I’ll clap for that one.
Bryan from Thayer, MO
I agree with the idea of obtaining as many draft picks as possible. For every trade up a team makes, it is one less player the team gets. I know it's an extreme circumstance but what if the Patriots had traded back into the first round of the 2000 draft by giving up their 2000 second-, sixth-, and seventh-round picks along with their 2001 second-rounder. They would have given up Adrian Klemm, Matt Light, and Tom Brady for one player. I see taking more shots superior to putting all your eggs in one basket for the long-term success of the team.

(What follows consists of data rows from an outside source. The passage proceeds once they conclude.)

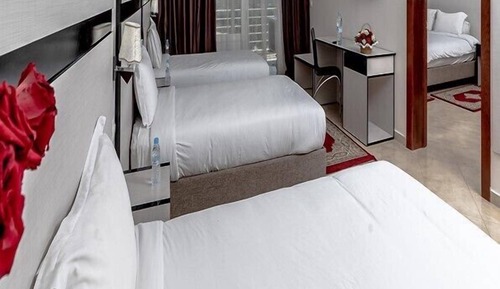 Luxury Suite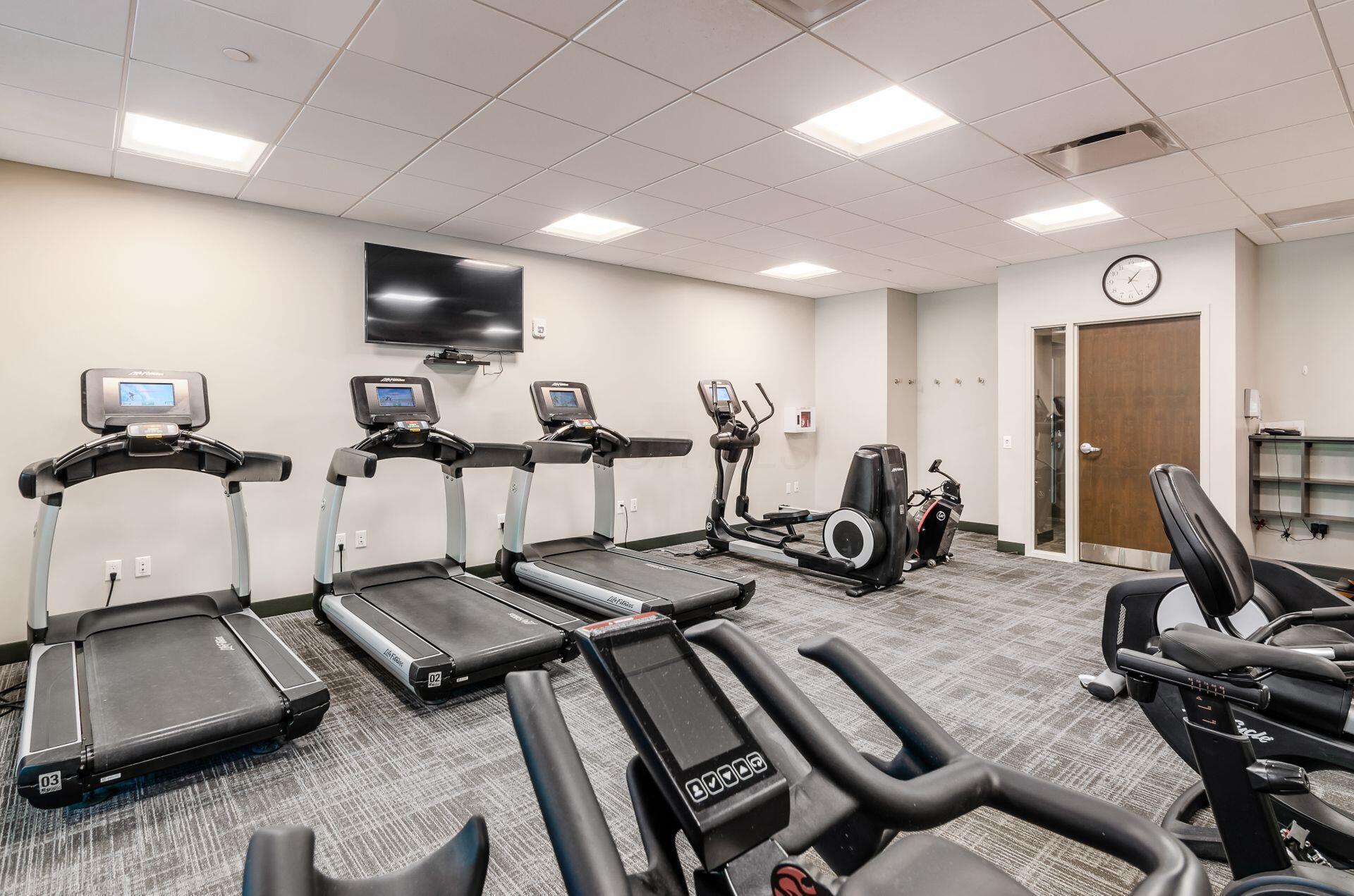 250 W Spring Street, 522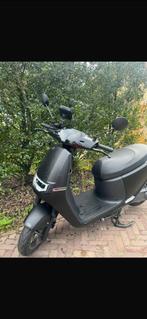 Elektrische Scooter - Slechts 2300km!, Ophalen, Elektrisch, Zo goed als nieuw, Maximaal 25 km/u
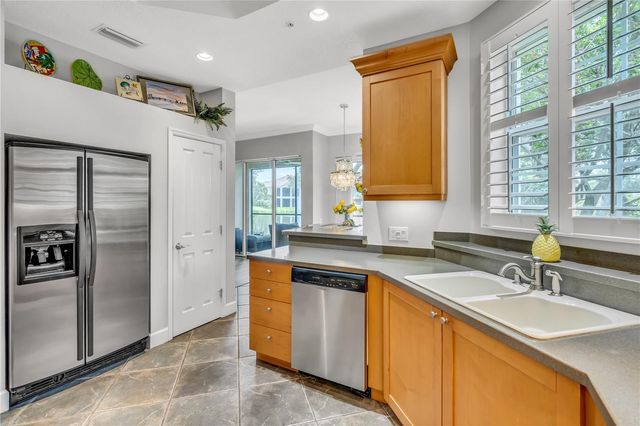5204 BOUCHARD CIRCLE 102, Sarasota, FL 34238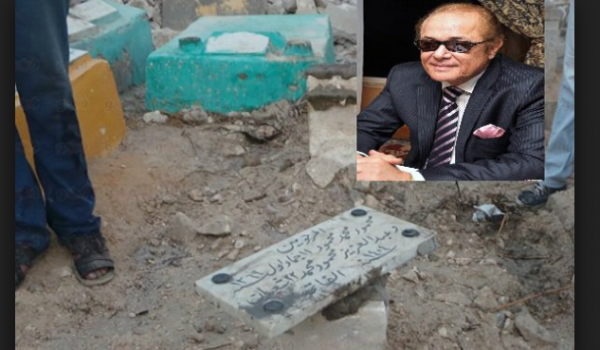 عامل بمقبرة الراحل محمود عبد العزيز يكشف ظاهرة غريبة تحدث يومياً!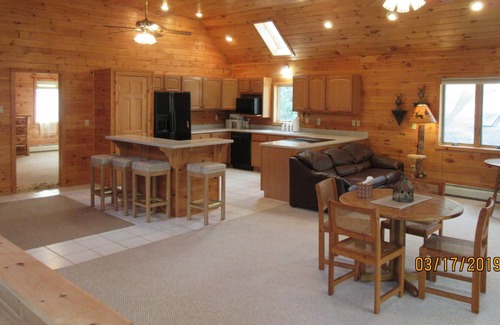Tafton House | Sunsets from Lakefront on Lake Wallenpaupack with Dock for your boat.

I’ve said it before here, the cautionary tale to trading up was the 2012 draft. Thompson traded up three times, packaging a total of seven picks in order to get Jerel Worthy, Casey Hayward and Terrell Manning. Seven picks returned one player. You can get burned.
Nathan from Baltimore, MD
There are websites that are pretty confident they've reverse-engineered the comp-pick formula (with a decent track record of accuracy in past years). Contract value weighs into it far more heavily than Pro Bowls or other accolades, and Hayward signed with the Chargers for less than superstar money. Thus, they suggest the Packers will get at best a fifth-rounder for him.
Wouldn’t surprise me, but I still think there’s hope for a fourth.
Matt from Wayne, NJ
My question is about restructuring contracts. My dad and brother are Cowboy fans (yes, I remind them of Rodgers-to-Cook often!). I brought up how I saw that the Cowboys did not have a lot of cap room this year. My dad told me that they could open close to 40 million in cap space by restructuring contracts. Yesterday, I saw they restructured two of their offensive linemen's contracts to open up 17 million in cap space. How does that work? Is it fair? Why don't more teams do it? I could be wrong, but I don't recall the Packers doing it recently. Not complaining that they don't, just trying to learn and understand the complexities of the salary cap.
From what I saw, for left tackle Tyron Smith and center Travis Frederick, the Cowboys converted $21 million out of $24 million in 2017 salary owed those two players into signing bonuses. It’s a way for the player to get guaranteed money but allow the team to spread out the cap charge across future years. Signing bonuses are prorated over the length of the contract, up to five years, for salary-cap purposes (e.g., a $10 million bonus can count $2 million on the cap each year of a five-year deal). They’re just pushing their salary-cap headaches down the road, which you don’t have to do if you’ve managed your cap well all along. What are they going to do when they have to pay Dak and Zeke star money, not draft-pick money? They'll clear some money eventually when Romo is gone, but they’re already making the future an even bigger headache.
Josh from St. Cloud, MN
Hey Mike, you should come hang out with us in the comments section sometime. Vic denied my invitation (though it was technically for Wes), but what about you?
Joe from Gaylord, MI
All this talk of free agency, got me thinking ... two of the most consistently successful teams in the NFL (Packers, Patriots) have one position rock-solid: QB. I think it's easy to take for granted what a difference that makes! My question is, how are the two teams in the division with big QB questions, Bears and Vikings, going to approach this offseason when it comes to this position, free agency and all?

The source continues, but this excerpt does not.